There’s a gym class somewhere missing Matt Rhule, whose team managed to look like 53 guys who were meeting for the first time in the first half only to be let down, once they figured things out, by their coach’s decision-making at the most critical moment in the second.
Just when McCaffrey got rolling, getting the Panthers down to the Browns’ 14-yard line, a fumbled snap — one of several by Baker Mayfield on the day in his Carolina debut, including one that McCaffrey picked up off the ground and ran with — cost the Panthers a down. Then, instead of even taking a shot at the end zone, they ran a pair of give-up runs inside and sent out Eddy Piniero, a late-camp replacement for the injured Zane Gonzalez, to kick a field goal with 67 seconds still on the clock.
Rhule and Mayfield said afterward that they were run-pass options that ended up runs, but either way, the failure to be more aggressive with the game on the line showed a lack of faith in an offense that finally found its groove — and would prove fatal.
The Browns had run the ball almost at will all day, but with no timeouts, they were stuck relying on Jacoby Brissett to take them down the field. The Panthers thought they had a better chance of stopping Brissett than trying to punch the ball in themselves. A 58-yard field goal later, they found themselves in the wrong.
Rhule even walked away with a timeout in his pocket after the Panthers got the ball back with 8 seconds to go, for all the world looking like a guy pulling a Full Costanza after finding out the Nebraska job was open. If the Panthers had any trophies, he’d be dragging them around the parking lot right now. That, at least, would have been a Rhule decision fans could get behind.
It was remarkable, to be sure, the Panthers had a chance to win this game at all. They were booed off the field in the second quarter, Mayfield bounced five passes off his former teammates and threw a sixth directly to one, and McCaffrey was merely a rumor until midway through the second half. Their best offensive play in the first quarter was a roughing-the-passer penalty on the Browns. CBS, at one point, caught owner David Tepper with the same expression on his face as every Panthers fan. They had no right to be in a game they ended up leading in the final two minutes.
But in it they were, with Mayfield finding his groove and zinging a 75-yard touchdown pass to Robbie Anderson, a one-play touchdown drive, and McCaffrey thriving in space and the defense getting stops. A restless, unhappy crowd finally had reason to cheer.

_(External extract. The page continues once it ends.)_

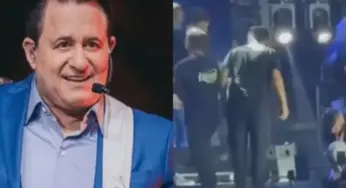 Marrone cai de palco durante show e bate a cabeça; Bruno diz que cantor está bem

If Burns had been able to keep away from Brissett’s helmet, the Browns’ last drive might have ended with a stop, too, and the game with it.
“It’s encouraging that we were able to turn it on,” Burns said. “It could have been a whole lot worse than what happened.”
So it’s all the more disappointing that the small-minded approach to the final two minutes left the Panthers in an all-too-familiar position when they were on the verge of starting fresh, riding Mayfield and a healthy McCaffrey to a very un-Panthers win, only to end up with a very ur-Panthers loss.